## Work instructions
Copy out, word for word, the lines from the start of the data below through the line containing "Гостеприимная спальня на стенах на стенах", and no others.

** Data records follows **

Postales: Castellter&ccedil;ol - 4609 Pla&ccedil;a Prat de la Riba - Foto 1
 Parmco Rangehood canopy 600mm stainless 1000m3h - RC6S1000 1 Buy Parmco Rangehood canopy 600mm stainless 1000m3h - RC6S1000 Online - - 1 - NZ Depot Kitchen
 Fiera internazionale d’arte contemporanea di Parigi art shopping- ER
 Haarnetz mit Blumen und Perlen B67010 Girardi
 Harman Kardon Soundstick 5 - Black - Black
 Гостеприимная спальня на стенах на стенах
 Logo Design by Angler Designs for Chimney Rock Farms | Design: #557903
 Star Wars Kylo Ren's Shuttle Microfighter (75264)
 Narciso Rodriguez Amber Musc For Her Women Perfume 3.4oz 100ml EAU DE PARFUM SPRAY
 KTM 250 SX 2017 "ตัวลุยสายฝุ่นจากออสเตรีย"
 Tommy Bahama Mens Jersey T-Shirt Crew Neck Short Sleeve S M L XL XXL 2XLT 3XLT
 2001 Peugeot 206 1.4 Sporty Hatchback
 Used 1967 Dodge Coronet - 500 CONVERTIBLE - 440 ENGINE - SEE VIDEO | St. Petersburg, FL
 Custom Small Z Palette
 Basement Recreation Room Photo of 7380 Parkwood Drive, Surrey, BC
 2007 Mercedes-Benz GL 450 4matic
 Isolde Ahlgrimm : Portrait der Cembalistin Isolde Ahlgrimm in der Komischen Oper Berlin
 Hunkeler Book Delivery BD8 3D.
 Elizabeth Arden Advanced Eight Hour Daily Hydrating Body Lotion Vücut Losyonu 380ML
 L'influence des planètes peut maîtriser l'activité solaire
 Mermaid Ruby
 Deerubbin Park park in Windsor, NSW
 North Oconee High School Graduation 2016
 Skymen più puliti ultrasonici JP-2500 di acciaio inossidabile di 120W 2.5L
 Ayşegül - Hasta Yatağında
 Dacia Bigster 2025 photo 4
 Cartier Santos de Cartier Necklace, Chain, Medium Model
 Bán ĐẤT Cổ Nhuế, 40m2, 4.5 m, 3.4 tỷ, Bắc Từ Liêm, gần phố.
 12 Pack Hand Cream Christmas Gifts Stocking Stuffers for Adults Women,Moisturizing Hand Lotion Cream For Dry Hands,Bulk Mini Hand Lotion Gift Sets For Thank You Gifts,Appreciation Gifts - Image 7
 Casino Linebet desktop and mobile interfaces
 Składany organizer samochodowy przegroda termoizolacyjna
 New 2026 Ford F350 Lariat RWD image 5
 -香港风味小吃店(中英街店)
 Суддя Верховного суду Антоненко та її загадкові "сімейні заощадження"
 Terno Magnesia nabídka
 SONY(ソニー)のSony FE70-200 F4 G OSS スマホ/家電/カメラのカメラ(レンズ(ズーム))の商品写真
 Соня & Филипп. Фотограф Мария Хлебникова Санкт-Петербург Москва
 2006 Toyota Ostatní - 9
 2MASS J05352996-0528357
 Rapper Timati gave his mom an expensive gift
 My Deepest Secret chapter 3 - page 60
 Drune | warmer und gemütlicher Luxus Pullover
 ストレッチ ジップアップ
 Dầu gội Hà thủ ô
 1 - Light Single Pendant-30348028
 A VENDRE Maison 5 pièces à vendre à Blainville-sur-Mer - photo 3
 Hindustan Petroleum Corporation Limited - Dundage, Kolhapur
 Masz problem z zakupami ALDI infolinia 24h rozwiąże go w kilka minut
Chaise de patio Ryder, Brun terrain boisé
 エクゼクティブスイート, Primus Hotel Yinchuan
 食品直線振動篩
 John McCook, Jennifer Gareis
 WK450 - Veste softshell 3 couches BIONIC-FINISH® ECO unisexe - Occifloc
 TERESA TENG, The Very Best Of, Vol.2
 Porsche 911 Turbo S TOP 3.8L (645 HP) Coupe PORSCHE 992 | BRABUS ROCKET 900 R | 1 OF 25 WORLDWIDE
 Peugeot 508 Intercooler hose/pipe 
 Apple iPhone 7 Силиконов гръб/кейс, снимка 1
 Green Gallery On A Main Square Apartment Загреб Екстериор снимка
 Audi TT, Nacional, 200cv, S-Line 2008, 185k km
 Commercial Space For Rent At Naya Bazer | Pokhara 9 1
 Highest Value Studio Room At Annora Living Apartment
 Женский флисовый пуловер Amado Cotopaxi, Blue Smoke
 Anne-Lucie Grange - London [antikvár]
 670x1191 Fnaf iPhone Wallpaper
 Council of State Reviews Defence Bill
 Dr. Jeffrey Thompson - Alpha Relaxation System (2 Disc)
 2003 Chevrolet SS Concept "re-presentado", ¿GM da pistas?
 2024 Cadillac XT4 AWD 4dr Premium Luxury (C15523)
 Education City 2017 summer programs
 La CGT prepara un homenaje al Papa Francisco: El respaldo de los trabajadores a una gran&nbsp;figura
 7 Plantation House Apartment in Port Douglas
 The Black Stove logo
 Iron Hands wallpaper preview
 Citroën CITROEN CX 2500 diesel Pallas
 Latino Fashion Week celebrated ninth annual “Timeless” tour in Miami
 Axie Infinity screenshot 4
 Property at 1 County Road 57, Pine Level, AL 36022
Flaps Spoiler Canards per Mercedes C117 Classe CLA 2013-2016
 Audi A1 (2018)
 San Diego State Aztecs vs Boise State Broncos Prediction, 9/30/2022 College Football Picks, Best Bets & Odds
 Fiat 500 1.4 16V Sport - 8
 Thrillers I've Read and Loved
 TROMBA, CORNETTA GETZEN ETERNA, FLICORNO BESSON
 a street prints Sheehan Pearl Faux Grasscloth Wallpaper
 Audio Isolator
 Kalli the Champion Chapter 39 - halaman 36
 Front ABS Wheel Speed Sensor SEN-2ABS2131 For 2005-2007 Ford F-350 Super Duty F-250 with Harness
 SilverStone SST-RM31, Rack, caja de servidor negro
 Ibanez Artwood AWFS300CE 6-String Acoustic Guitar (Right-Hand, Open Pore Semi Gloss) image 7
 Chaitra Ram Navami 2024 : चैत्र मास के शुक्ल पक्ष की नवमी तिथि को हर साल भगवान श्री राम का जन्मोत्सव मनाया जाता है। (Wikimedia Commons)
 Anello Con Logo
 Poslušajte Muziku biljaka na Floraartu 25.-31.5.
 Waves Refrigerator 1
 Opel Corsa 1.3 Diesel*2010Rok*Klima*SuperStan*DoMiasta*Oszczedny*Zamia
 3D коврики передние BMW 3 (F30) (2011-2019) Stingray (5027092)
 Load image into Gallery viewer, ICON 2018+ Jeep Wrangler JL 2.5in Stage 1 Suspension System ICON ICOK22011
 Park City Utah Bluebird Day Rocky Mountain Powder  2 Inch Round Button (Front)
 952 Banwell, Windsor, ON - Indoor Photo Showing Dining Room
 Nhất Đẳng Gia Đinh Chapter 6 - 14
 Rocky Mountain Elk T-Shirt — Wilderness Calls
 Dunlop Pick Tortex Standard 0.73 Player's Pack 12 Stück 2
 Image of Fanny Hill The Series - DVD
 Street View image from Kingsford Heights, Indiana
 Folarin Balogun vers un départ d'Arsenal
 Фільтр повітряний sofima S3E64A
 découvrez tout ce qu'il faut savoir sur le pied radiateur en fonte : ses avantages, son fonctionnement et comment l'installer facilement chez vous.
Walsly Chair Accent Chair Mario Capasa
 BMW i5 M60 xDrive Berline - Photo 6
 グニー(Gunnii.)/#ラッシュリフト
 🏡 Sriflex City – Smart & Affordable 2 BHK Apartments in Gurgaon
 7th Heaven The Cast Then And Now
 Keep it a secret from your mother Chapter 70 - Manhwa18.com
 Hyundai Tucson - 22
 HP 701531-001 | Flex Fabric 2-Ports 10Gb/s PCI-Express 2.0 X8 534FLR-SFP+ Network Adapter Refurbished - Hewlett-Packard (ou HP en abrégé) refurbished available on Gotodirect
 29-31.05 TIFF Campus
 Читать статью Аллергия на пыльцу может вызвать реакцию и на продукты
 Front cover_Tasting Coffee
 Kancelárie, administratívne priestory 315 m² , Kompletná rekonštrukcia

** End of Data records **

## Expected output
Postales: Castellter&ccedil;ol - 4609 Pla&ccedil;a Prat de la Riba - Foto 1
 Parmco Rangehood canopy 600mm stainless 1000m3h - RC6S1000 1 Buy Parmco Rangehood canopy 600mm stainless 1000m3h - RC6S1000 Online - - 1 - NZ Depot Kitchen
 Fiera internazionale d’arte contemporanea di Parigi art shopping- ER
 Haarnetz mit Blumen und Perlen B67010 Girardi
 Harman Kardon Soundstick 5 - Black - Black
 Гостеприимная спальня на стенах на стенах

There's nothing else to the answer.